Em tempos sombrios para a humanidade tomo emprestado o título da obra de Ernest Hemigway, “Por quem os sinos dobram” (narrativa de um dinamitador na Guerra Civil Espanhola), para fazermos uma pergunta em nome de todos os patrimônios mundiais reconhecidos pela UNESCO, que em algum momento foram “vítimas” da ausência da memória coletiva, de governos fracos e de ditaduras promotoras de Guerras armadas que pilharam ou destruíram a riqueza cultural de seus adversários.

Sabe-se que a cultura é um dos principais recursos de uma sociedade. Em termos conceituais, tem uma dimensão parcial e global com “(…) constante e ampla gama de ênfases relacionais”. (Williams, 2000, p. 12). É reflexo de uma construção histórica, em que os recursos e processos empregados na identidade de um grupo se perpetuam e incorporam como valor cultural.

Valor da Cultura

O valor da cultura é reflexo de resultados positivos originados através dela em decorrência da ampliação de benefícios que geram. Como exlica Throsby (2001), esta valorização se produz dentro de um universo moral e social. Pode ser mensurada pela satisfação gerada considerando os elementos que caracterizam o valor cultural como: o valor estético, o valor espiritual, valor social, valor histórico, valor simbólico e valor de autenticidade.
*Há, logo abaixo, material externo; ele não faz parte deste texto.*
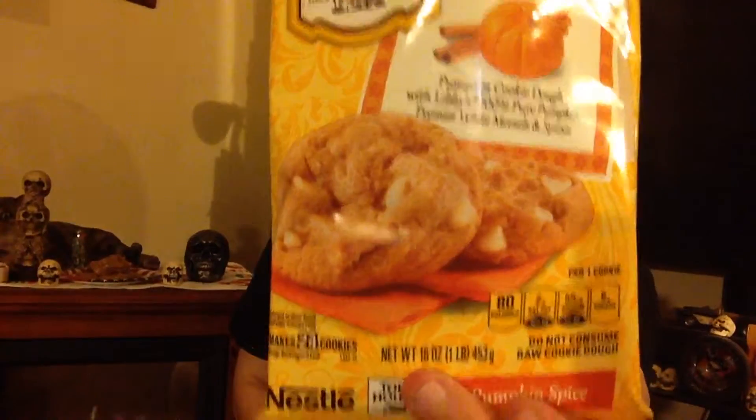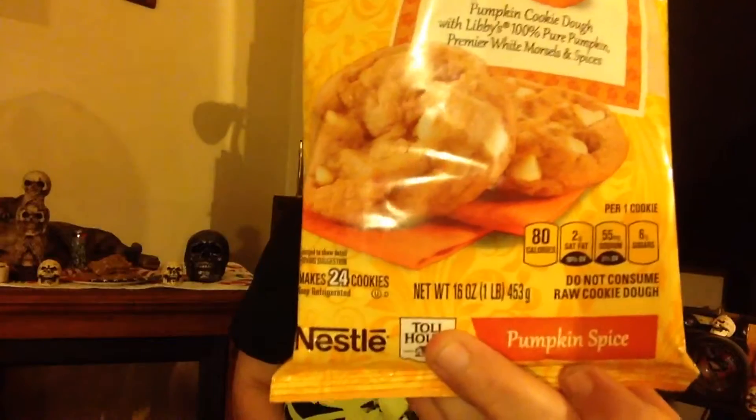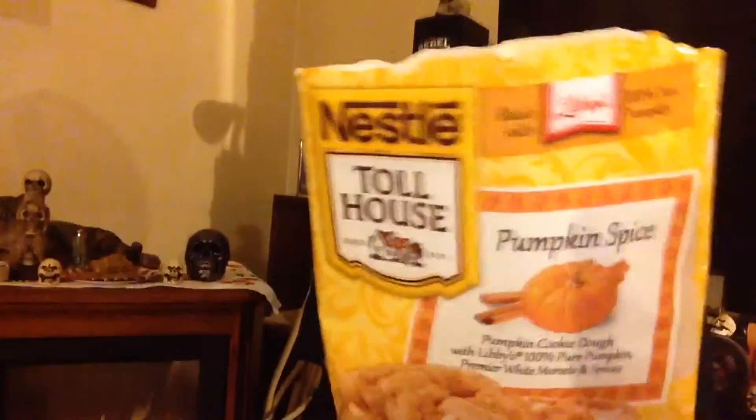Today we're going to make a video about these pumpkin spice cookies. They're made by Nestle Toll House but they have Libby's pumpkin in them, which is some of the best pumpkin. I also use Libby's in my homemade pumpkin cake. These are the ones you just store in your refrigerator — little square ones — and these are baked.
O entendimento do valor da cultura é fundamental para identificarmos as iniciativas e ações que protegem e valorizam a historicidade e memória de uma sociedade. Uma das principais iniciativas é a da Organização das Nações Unidas para Educação, Ciência e a Cultura (UNESCO) para a manutenção dos equipamentos e locais de amplo e profundo valor cultural através do reconhecimento como Patrimônio Mundial. Este compreende uma área, sítio ou região considerada pela comunidade científica de inigualável importância para a humanidade. Também se incluem na Lista do Patrimônio Mundial manifestações, rituais, entre outros que tem seu valor histórico, arqueológico, natural, ambiental ou um conjunto desses fatores reconhecidos pela UNESCO, que possui um protocolo exclusivo na orientação para o reconhecimento de um patrimônio mundial.
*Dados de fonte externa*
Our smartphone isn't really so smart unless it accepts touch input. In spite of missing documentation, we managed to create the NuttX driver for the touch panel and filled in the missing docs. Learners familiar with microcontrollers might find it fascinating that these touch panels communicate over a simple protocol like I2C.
Patrimônio Mundial, identidade e memória

Antes de um reconhecimento multilateral, mais importante, primeiro é o impacto do reconhecimento em esfera local de um patrimônio histórico. Segundo, o vínculo de uma identidade coletiva com a memória histórica construída naquele lugar. Terceiro, reflexo no exercício de cidadania e maturidade democrática de um grupo social. Neste sentido, a chancela de um reconhecimento mundial representa o fortalecimento da manutenção deste patrimônio, que passa a ser resguardado pelo Direito Humanitário. Portanto, qualquer destruição intencional e direta de um patrimônio cultural em determinado território em tempo de guerra é crime de guerra e deve ser tratado como tal (Soares, 2018).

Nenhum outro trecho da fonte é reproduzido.